The more we talked, the more it seemed George thinks you’re a fool if you expect — or even want — privacy. He’s even pleased with some of the ads he receives on the basis of Google’s intimate knowledge of his inner life.

Is There Still A Line To Be Drawn?

If video of him naked appearing online wouldn’t trouble him, would anything? He admitted there was a line that he thinks shouldn’t be crossed.

He told me: “If, say, I had a script on their [Google’s] servers and it was sold without my permission, I would think that sort of thing is on the other side of the line which would piss people off and cost the company dollars in bad press, congressional hearings, and lawsuits. But the line will move back and forth as time and lawsuits march on.”

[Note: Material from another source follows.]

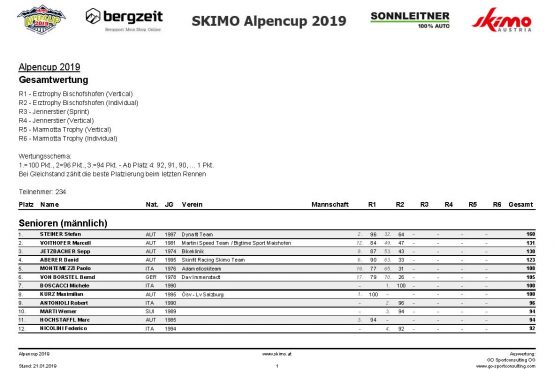 Alpencup Wertung gesamt 2019 01 21 Seite 01
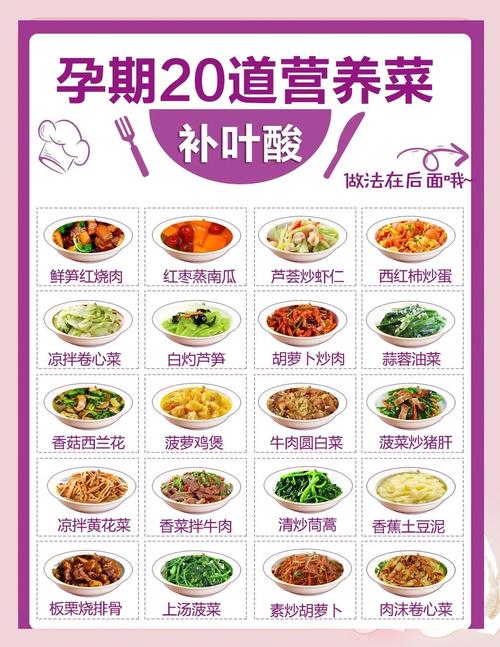 孕妇孕期各阶段吃什么-第3张图片-郑州医学网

It’s moving how things that would cost George money seem to matter more than things that might cause him embarrassment. That’s what too long in Silicon Valley can do to you.

For George, the loss of privacy is, in fact, business as usual: “How is this any different than direct mail and Nielsen Families and magazines selling their subscriber lists back in the day? The business behavior is identical, just the details and amount of data are more, because we have computers now that can handle more details, and more details equals more accuracy, more accuracy equals less waste and more sales…. allegedly.”

Then he went full Silicon Valley on me: “To me, it’s part of the contract that defines capitalism. To resist this would take up too much energy that I’d rather spend on creating something. But as you can tell, the belief that it’s acceptable is in me, by culture and training and life experience.”

Yes, I blame my culture for all sorts of things, George. You’d be amazed how growing up in England can distort you.

George really does want everyone to stop being fools about this: “It feels inevitable and the future that it enables probably isn’t going to be as terrifying as people imagine it to be.”

Oh, that’s a big relief.

But then he added: “Perhaps that’s just my own rationalization.”

So much of the tech world has been built on rationalization — especially the rational scooping of money — rather than human inspiration, awareness or sensitivity.

Some might wonder whether, in times to come, that will be the biggest regret of all.

But anyway, let me tell you about that time George woke up next to a stranger in a kangaroo costume …just kidding.